Lugo came out Sunday like a pitcher who didn’t fully trust his arm. He kept throwing pitches over the middle of the plate and hoped that he could fool hitters just by moving up and down the zone. Nelson Cruz struck first, with a three-run upper deck homer. When Leonys Martin hit his first home run of the season off the facing of the upper deck, it was pretty clear that this wouldn’t be Lugo’s day. When Yoenis Cespedes lost a ball in the sun and it fell for a “triple,” it felt like we could just fast forward to the end of a seemingly inevitable 9-1 loss.
Every pitcher the Mets threw out raised more questions about what this team’s plan is. Lugo only allowed one infield hit over the next three innings to stabilize his day. When the Mets activated A.J. Ramos, it seemed like Fernando Salas would get released. Instead the Mets designated Josh Edgin for assignment and Salas came in for the sixth. He got an out, then a routine ground ball that Neil Walker couldn’t handle at second. Salas isn’t good enough to survive giving a team extra outs – he walked Mike Zunino and later Ben Gamel singled in a run. With Edgin out of the pen, Terry Collins turned to Josh Smoker as his lower leverage lefty for the seventh. It was his turn to give up a run.

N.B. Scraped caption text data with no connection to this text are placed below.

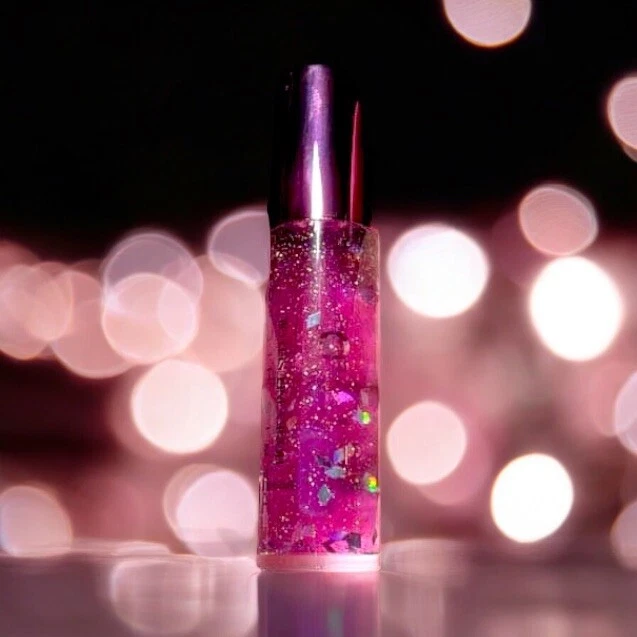 ACEITE LABIAL CON INFUSIÓN DE MIEL PARIS HILTON - TINTE: ROSA - NUEVO - ¡TAMAÑO COMPLETO! Foto 1 de 1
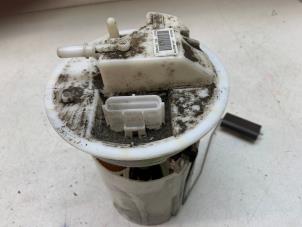 Gebruikte Benzinepomp Ford B-Max (JK8) 1.0 EcoBoost 12V 100 Prijs € 50,00 Margeregeling aangeboden door Autodemontage van de Laar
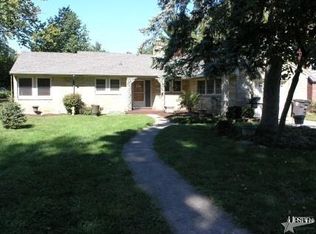1121 Northlawn Dr, Fort Wayne, IN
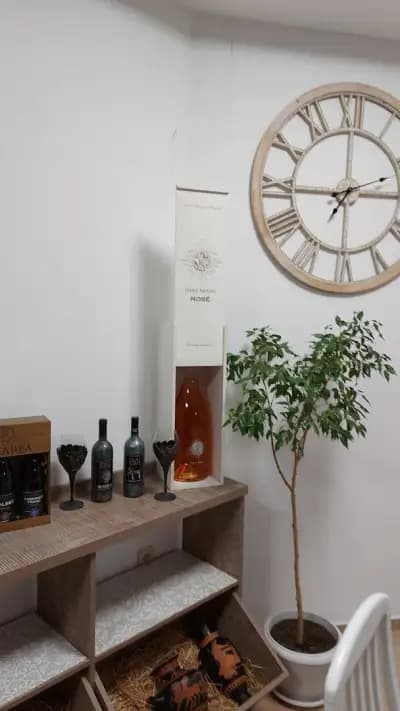 SAKAR wine shop & tasting room
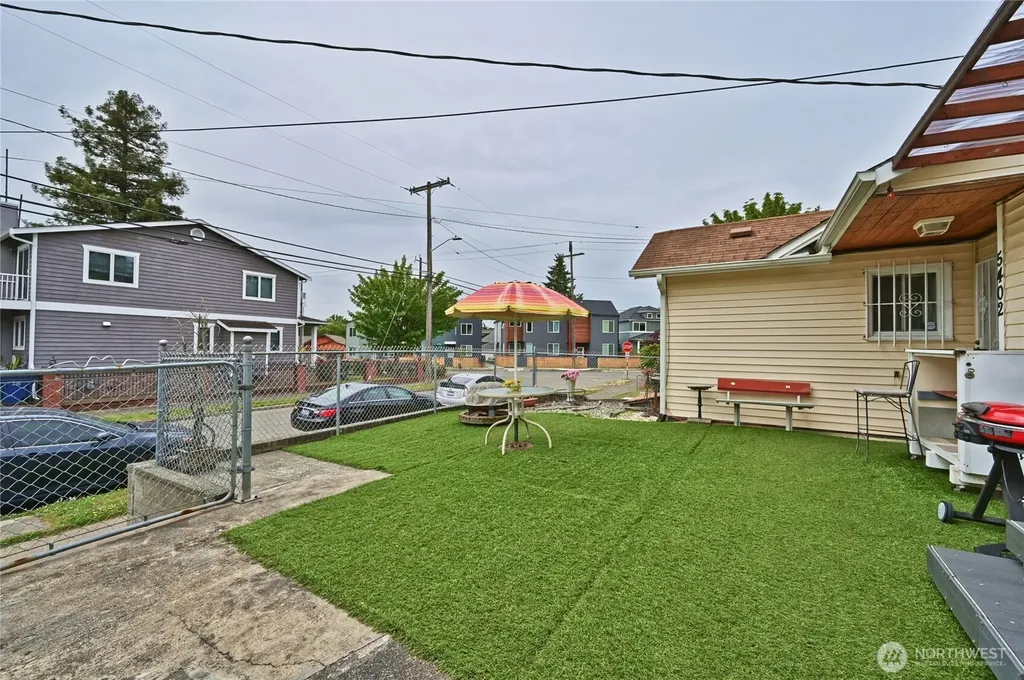 5402 S Cloverdale Street Seattle WA 98118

Finally it was Ramos’ turn. Collins wanted to get him work, even down 7-0. Ramos pitched like the stereotypical closer who doesn’t focus well when used in non-save situations. He gave up a walk, single, and then a double play ball that Walker threw away on the turn. After allowing a run, Ramos gave up two wild pitches in the dirt and another single to make it 9-0. The Mets mounted a small two-out rally in the top of the ninth to avoid a shutout, but Michael Conforto looked at strike three to end the game.
Jose Reyes got drilled in the forearm by a 98 mph fastball in the top of the fifth inning. He crouched over in pain and had to leave the game immediately. Matt Reynolds moved over from third base to shortstop, while Asdrubal Cabrera entered the game at third. Marc Carig reported after the game that Reyes’ X-rays are negative.
If Reyes is out for a while, remember that Reynolds is primarily a shortstop. It would be a mistake to assume that the Mets have to call up Amed Rosario because they don’t have any shortstops on the current big league roster. After all, they kept Reyes’ .286 on base percentage, weak glove, and awful off-field character there every day.
More Trades Coming?
The Mets don’t play again until after the trading deadline, but Addison Reed has been on the rumor mill for over a week. Many assumed the only rational reason for the Mets to designate Edgin for assignment was if they had lined up a trade. Once a player is designated for assignment, the team still has a week to trade that player before releasing him. However, Anthony DiComo reported just before the game that the Mets don’t have a trade for Edgin in the works.